What comes to mind when you think of Mitel and innovation?
Pascal Crausaz, VP of Software Engineering: Many people at Mitel are passionate about what they do, but it’s important to not be so focused on everyday work that we don’t have time for innovation. That’s why Innovation Day and our patent program are essential to bringing the innovation that happens all year long into a more concrete form. Innovation is not something you do between 4 and 5 pm; it’s something you do every moment of your day.
Al Hurren: Mitel is over 45 years old and has a long history of innovation. Through that period, especially in the industries we’re in, that’s an impressive track record. It’s because the company has reinvented itself many times over. So, when I think of Mitel I think of that history and the obligation to carry that forward and innovate, setting ourselves and our customers up for future success.
Muni Madhdhipatla: As the market continues to shift and new modes of communication come out, Mitel is best positioned to leverage its reputation and expertise in the market to solve problems for our customers. We don’t have to start from scratch; we just need to build on our experience.
What would you invent if anything were possible?
Martin Bitzinger, Vice President of Products & Solutions: I would invent a better way of storing energy, so basically a better battery. And that’s just out of pure selfishness because that means my cell phone would last longer.
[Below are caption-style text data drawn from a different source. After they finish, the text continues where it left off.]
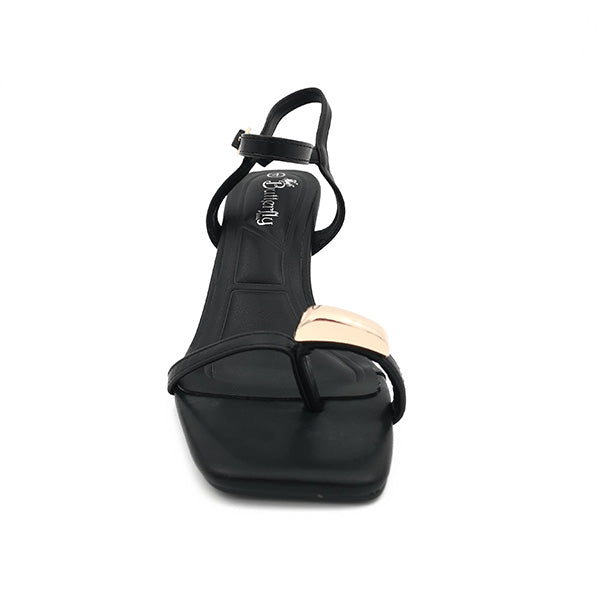 Medium Heel Toe Piece Evening Sandal - 1152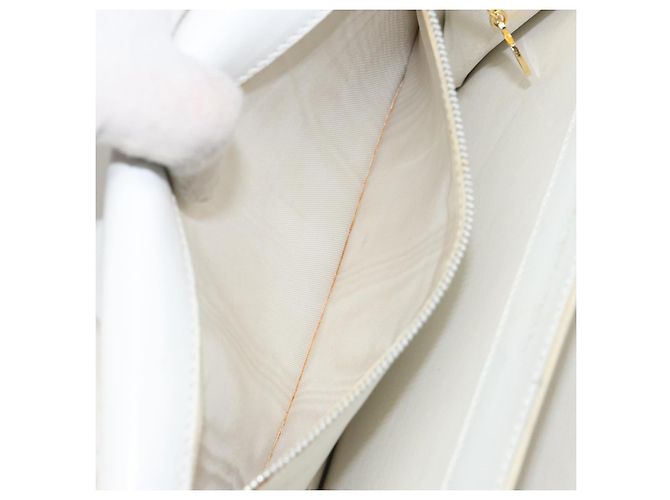 Céline Borsa a Spalla CELINE in Pelle Bianca e Oro Auth 156322 Bianco D'oro - vista 22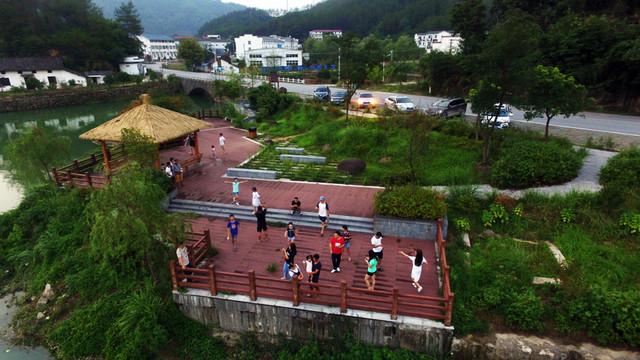 秋浦河大龍灣觀景臺(tái)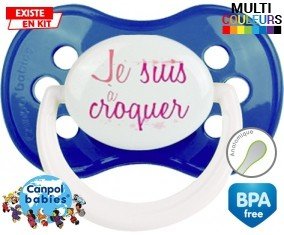 Je suis à croquer modèle fille: Sucette Anatomique-su7.fr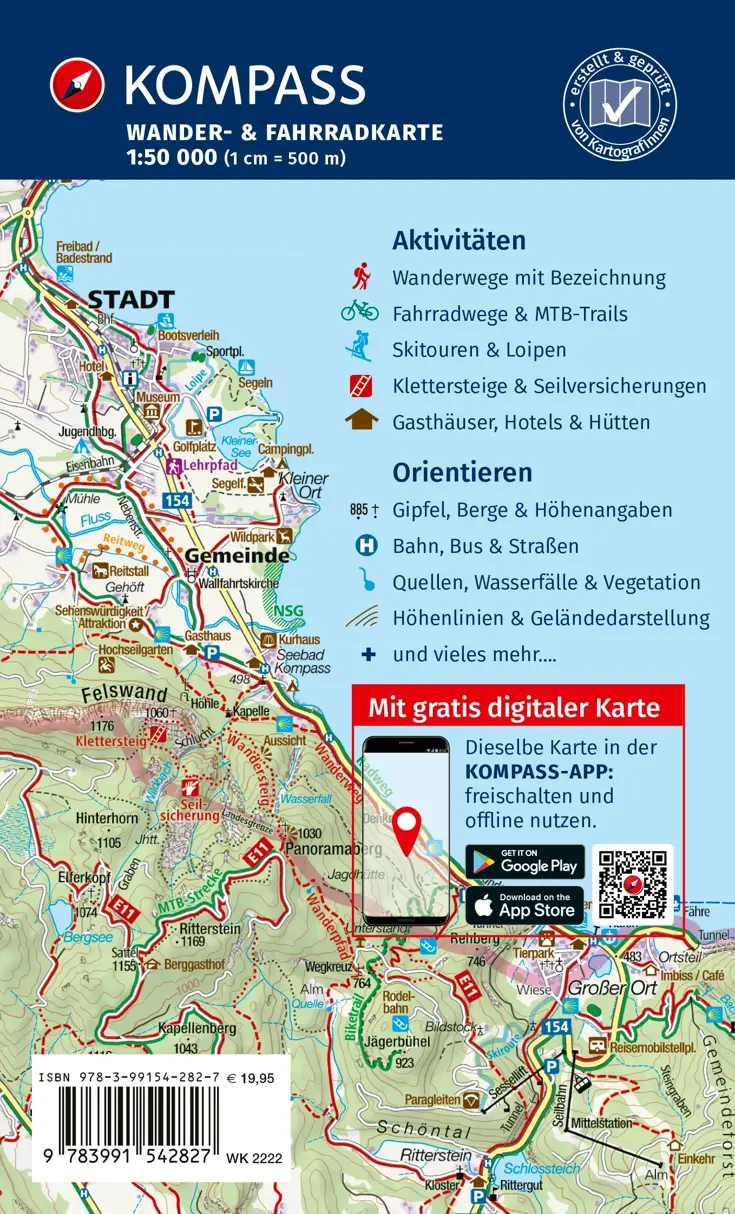 Wandelkaart WK2222 Elzas - Vogezen Zuid
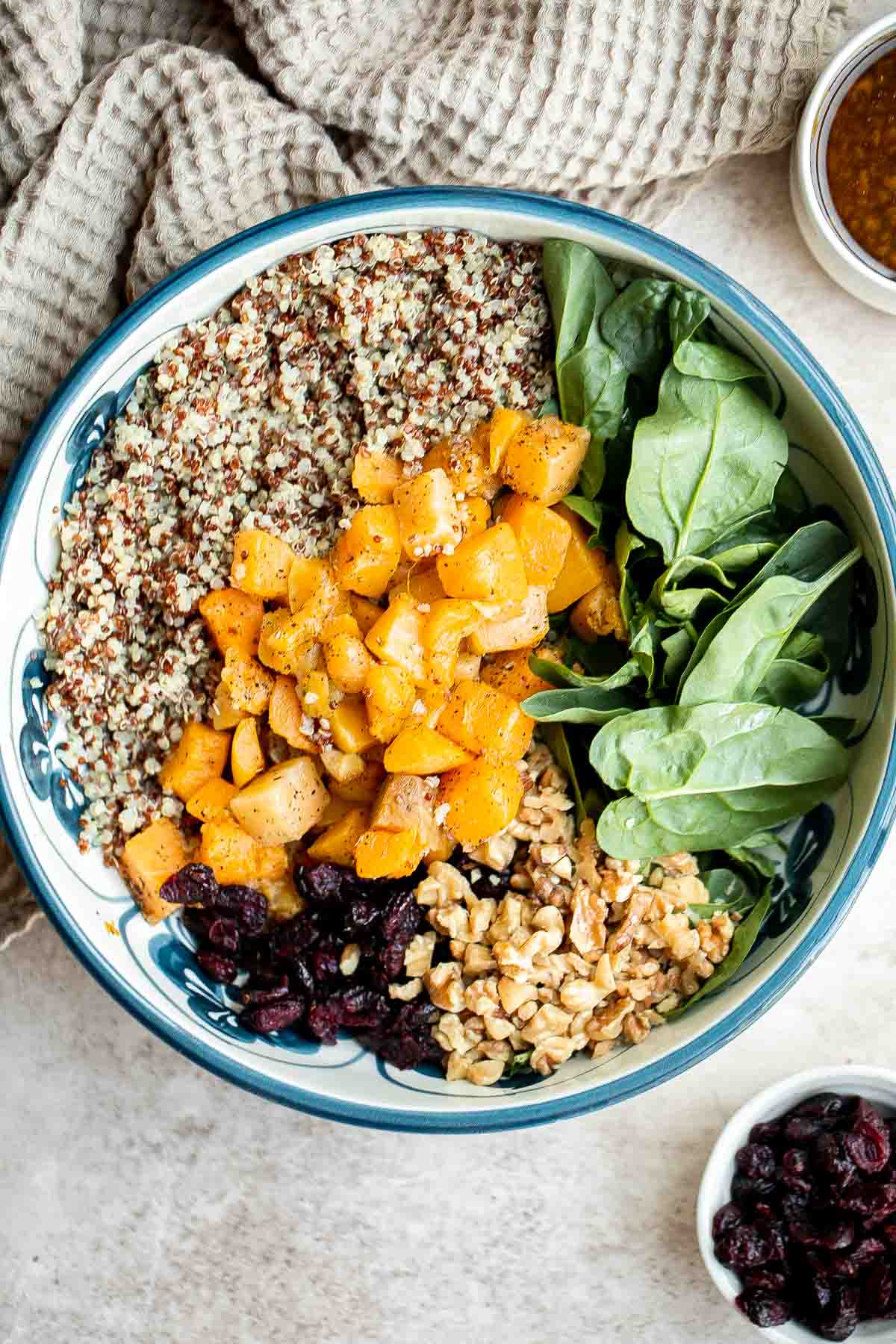 This Butternut Squash Quinoa Salad is easy to make, ready in under an hour, delicious, and loaded with health benefits. It's the perfect fall salad. | aheadofthyme.com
Tom Quan: You know how in comic books you can see the cloud above people’s heads that says what they’re thinking? Imagine if you had augmented reality glasses that enabled that. And another invention – for my more hedonistic side – is a 3D printer that allows you to pick a meal out of any 3-star restaurant, print it off and have it at home.
Pascal Crausaz: I remember reading a long time ago one of the Ender’s Game books from Orson Scott Card. In that book, enders have the ability to travel any distance, and I think having that ability would be tremendous. Now, of course, I love coffee ice cream, so if I could invent something else it would be a device that makes a nice coffee ice cream appear out of thin air.
What key criteria will you use to assess the Mitel contestants?
Al Hurren: Definitely novelty. Is it unique and new? Would it bring sustained differentiation for Mitel? Also, there needs to be commercial value, meaning the potential value in the market. And the last thing we look at is how well the individuals and teams prepared and presented their ideas.
Pascal Crausaz: It’s the quality and business angle of the invention. For example, take my invention about materializing coffee ice cream out of thin air. I’m sure it will make me rich, but it has very little benefit to Mitel’s business. What I’d also like to see is some concrete proof of concept associated with the innovation; I think it’s absolutely essential for any new invention.
Martin Bitzinger: I will look for new ideas and assess whether they’re relevant to a broader audience and applicable to as many different customers as possible. And I’ll also look at whether they’re executable. The best prototype is not going to do much for any customers unless they can get a new product or update from it.
How will you prepare for Innovation Day?
Muni Madhdhipatla: I’ll probably have to rest well the previous night because it’s going to be a long day. People have put in a lot of hours and energy into this, so it would be unfair to not give one hundred percent.
Martin Bitzinger: I will actually not prepare at all. I will just try to go in there unprejudiced and with a very open mind and see what the teams come up with.
Tom Quan: I’m going to prepare for it like running a marathon. I’ll do some carb loading before, probably in the form of micro-brewery beers. And there will be lots of coffee throughout the day.
With over 100 new patents in 2018 and more than 1300 patents overall, Mitel continues to drive innovation and foster transformative ideas. And with Innovation Day just around the corner, there’s a whole new set of ideas to look forward to. Some may even transform the future of communications and collaboration as we know it.